Pandora’s New Data Not Turning Heads | Digital – Advertising Age

It’s been about a year since streaming-radio company Pandora went public at a valuation of $3 billion. Since then, the company has been pushing for a universal audience-measurement service tracking both traditional and internet radio — arguing Pandora isn’t getting the crack it deserves at the $14 billion local-radio ad market.

John Trimble

John Trimble

–> Tired of waiting for radio-audience-measurement standard Arbitron, Pandora has inked a deal with Triton Digital to report measurement metrics such as average-quarter-hour and cumulative audience for Pandora. The resulting numbers are impressive: On a national level, the Triton metrics show that Pandora is the largest radio network for listeners age 18 to 49 when the results are compared to traditional radio networks measured by Arbitron. Results in local markets show strong penetration as well. Pandora’s ad revenue was $70.6 million in the most recent quarter, up 62% year over year. Total revenue was $80.8 million.

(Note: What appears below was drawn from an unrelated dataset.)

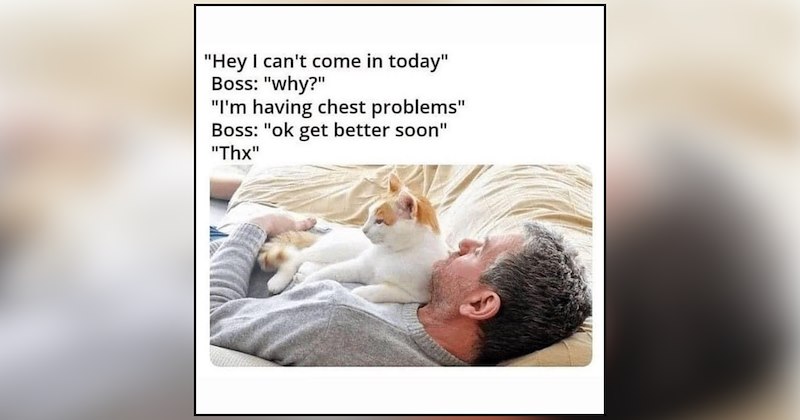 25 cat memes | thumbnail includes one meme and one picture of text including '"Hey I can't come in today" Boss: "why?" "I'm having chest problems" Boss: "ok get better soon" "Thx"' 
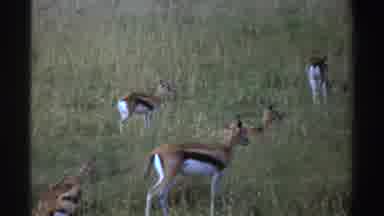 Nigeria (1969): Five Deere On The Ground Three Deere Wagging Their Tail And One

But media agency buyers surveyed by Ad Age, all of whom already do a good deal of business with Pandora, seem less impressed with what Pandora Chief Revenue Officer John Trimble trumpeted as a “game changer” in a recent interview. “The agencies and marketers are really looking for easy ways to compare both broadcast and digital radio,” he said.

Though the buying execs said the numbers are good to have, they noted that alone won’t lead to increased advertising on Pandora. Kevin Gallagher, exec VP-local activation for Starcom, said his agency continues to buy more with Pandora each year and that the lack of a unified measurement metric hasn’t been an inhibitor.

Joe Kennedy

Joe Kennedy

–> “I don’t know that we have had clients saying, “Because we don’t have a common metric, we don’t trust your judgment,’” he said. “I’ve been able to sell Pandora into clients because intuitively they know it’s the right thing and know the audience is there.”

Would measurement from Arbitron have a greater impact? Mr. Gallagher’s response seems to imply that it would. “In a perfect world, all audio would be measured by the same source and the same panel,” he said, “because then the ratings that we’re getting would truly be apples to apples.”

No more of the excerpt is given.